Navigating Relativity
In exploring the roots of internalized oppression I keep returning to the ways our evolutionary adaptations towards relationship have been hijacked to enforce systems of control. We are built to need each other to know who we are. As children we construct our identities based on how other people perceive us. We craft complex survival maps from the coordinates provided by caregivers, teachers, playmates, and media. We learn how to behave so we can belong.
Our transformative work includes seeing where we have built identities based on oppressive structures, and how we might practice towards modes of interaction that are liberating. One of the ways we can do that is to re-learn how to locate ourselves in the present.
Locating Ourselves
Our egos crave the illusion of constancy, but the idea of permanence is a fantasy. Life is change. We live on a spinning planet in a spiraling solar system in a spiraling galaxy in an expanding universe. It is physically impossible to be in the same place twice.
Because of the pull of gravity, our human bodies evolved to use internal tension for posture and movement (tensegrity - tension + integrity), all of our muscular actions are internally balanced by oppositional forces. An arm lifts not as an isolated incident of shoulder alone, but in a concert of balancing and stabilizing movements that include the calves, pelvis, ribs, and neck.
We are ever-moving and never-alone. And just as the body has subtle and complex webs that enable the feeling of controlled action in an ever-shifting, unstable external environment, our sensory systems can coordinate with cyclical processes for working stability. Rather than balancing on and proliferating tension with outmoded structures of rigid perception, we can locate ourselves in relation to what is life-giving in this moment.
Choosing Orientation
I learned about orientation as a somatic practice for responding to trauma activation (being "triggered") and as a way to stay present-enough in the body in potentially challenging situations.
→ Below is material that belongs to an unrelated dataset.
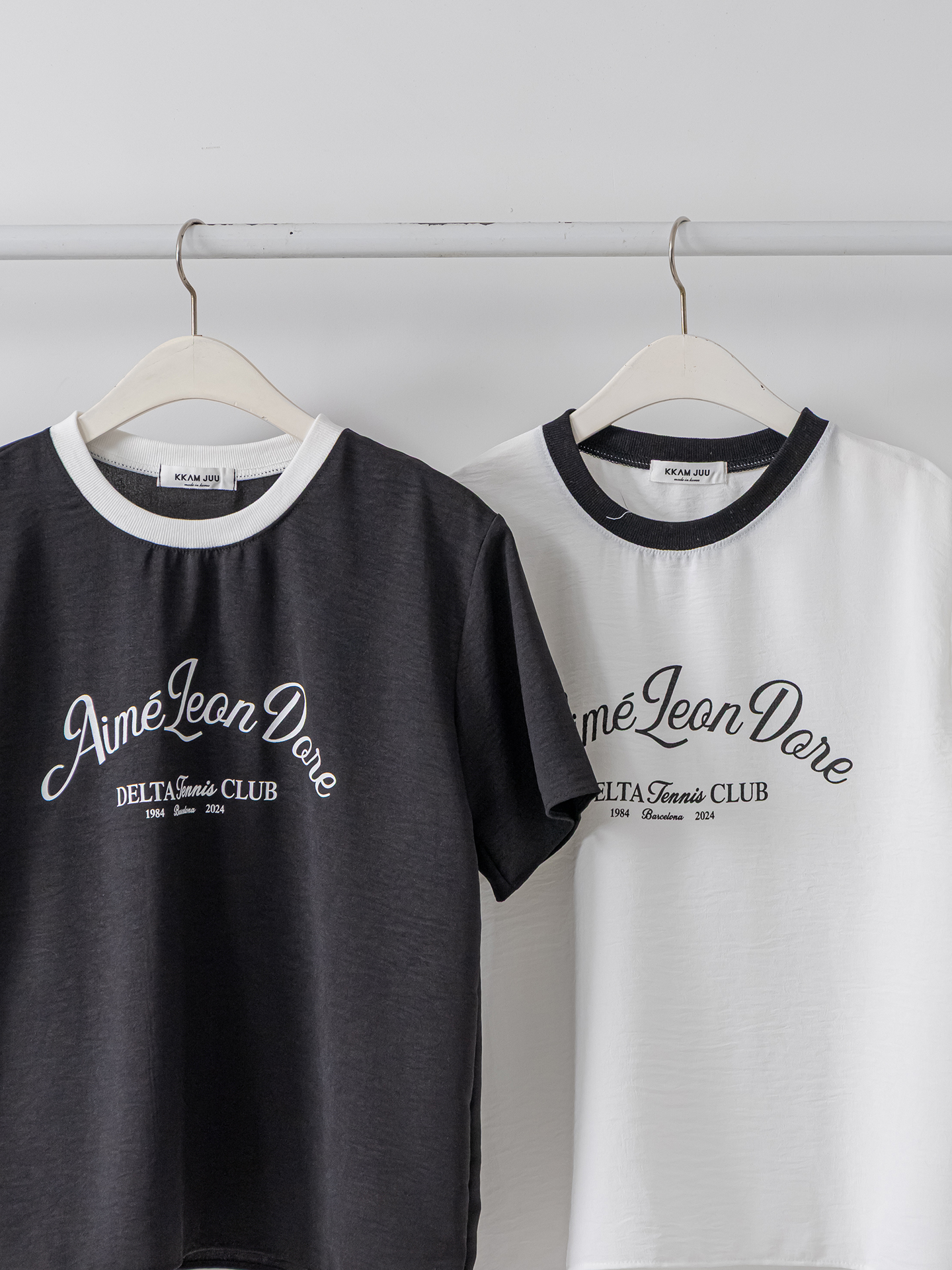 ラウンドネックルーズ半袖レタリング配色ブラウス | 詳細画像19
I am finding it a base-level support practice for this work of cultivating true kinship. As a simple mindfulness practice it can train us to return our awareness to the present and respond to what is actually occurring in real time. It can increase our capacity for curiosity and conscious change, and enable us to build more honest relationships.
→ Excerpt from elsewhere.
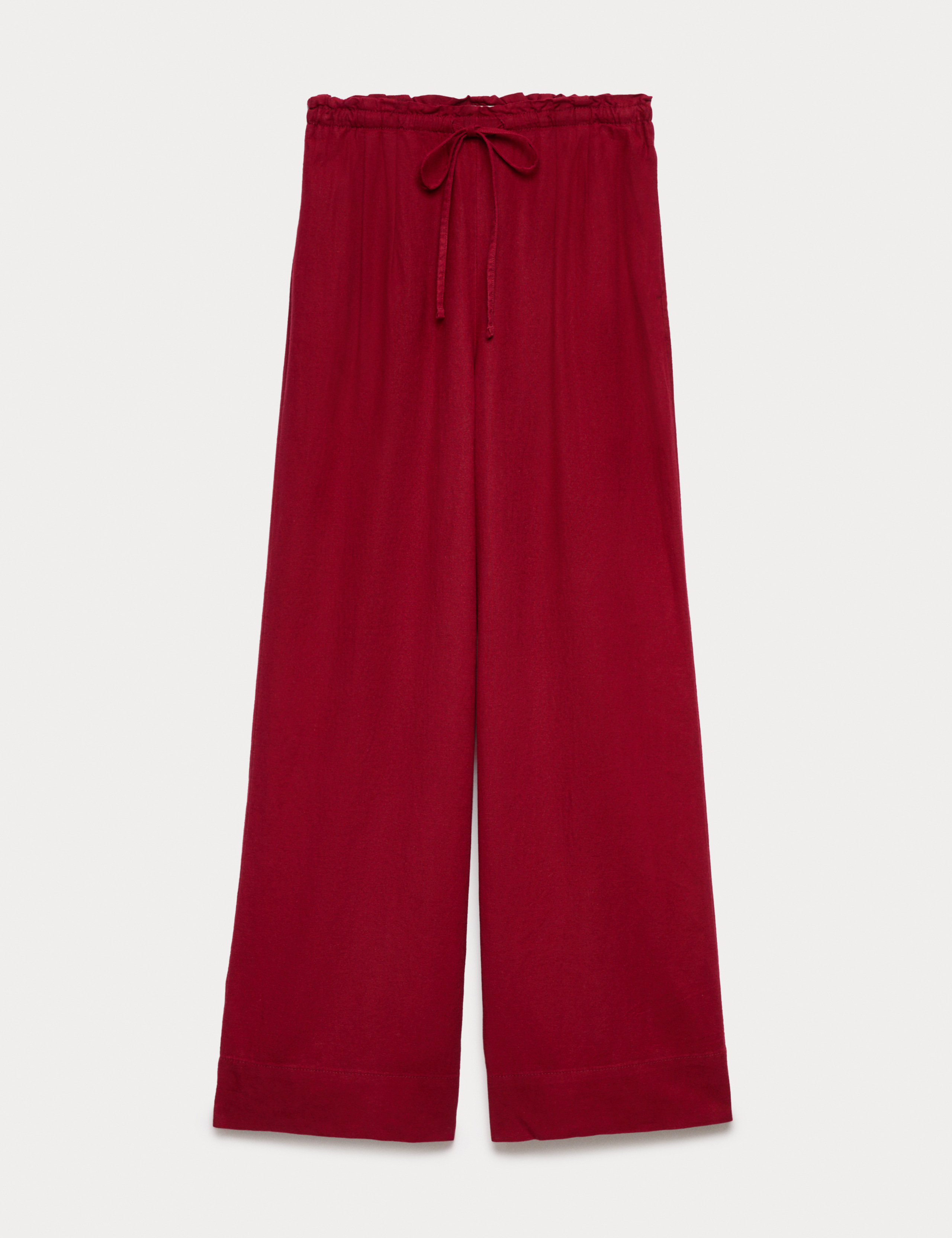 Linen Rich Drawstring Wide Leg Trousers 2 of 7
My poet's heartmind delights at the layered meanings of orientation. Etymologically, orient comes from the Old French and Latin words for east, then "to face the east." This facing to the rising sun and moon, to the transition from night to day, speaks to a place in us that navigates by the light of stars, that delights in contrast and transition. We can never be lost so long as we relate ourselves to the movements of our homeship Earth in coordination with the seasons. As the sun rises in a slightly different location each morning, when we re-orient ourselves to that current intersection between sun and sky, rather than a memory of where it and we were yesterday, we get to become more vital and true.
We do not need to know something permanent, in fact we cannot because all that lives changes, everything is in constant spiraling movement. Every object is only locatable in relation to other moving objects. We simply need to know where illumination first touches us, where the liminal edge between light and dark transits our line of sight, to have a place from which we can navigate. To breathe with the inspiration of the leading edge of new life. Not a fixed, forever knowing, or rather, illusion of an eternal place. Instead a fluid relational coordinate, which we must find again and again, so long as we live.
Orientation is dynamic, evolving, and responsive. We can locate ourselves, and begin to understand our identities, behaviors, and belonging in relation to processes, patterns, and cycles. If we recognize and celebrate our own dynamism, that we are cells within cells, living processes within layers of living processes, then we can never be lost. We are coordinated no matter how the terrain may change. We are not spots on a stationary map, we are stars in a constellation, ever dancing in elliptical evolutionary orbits with each other.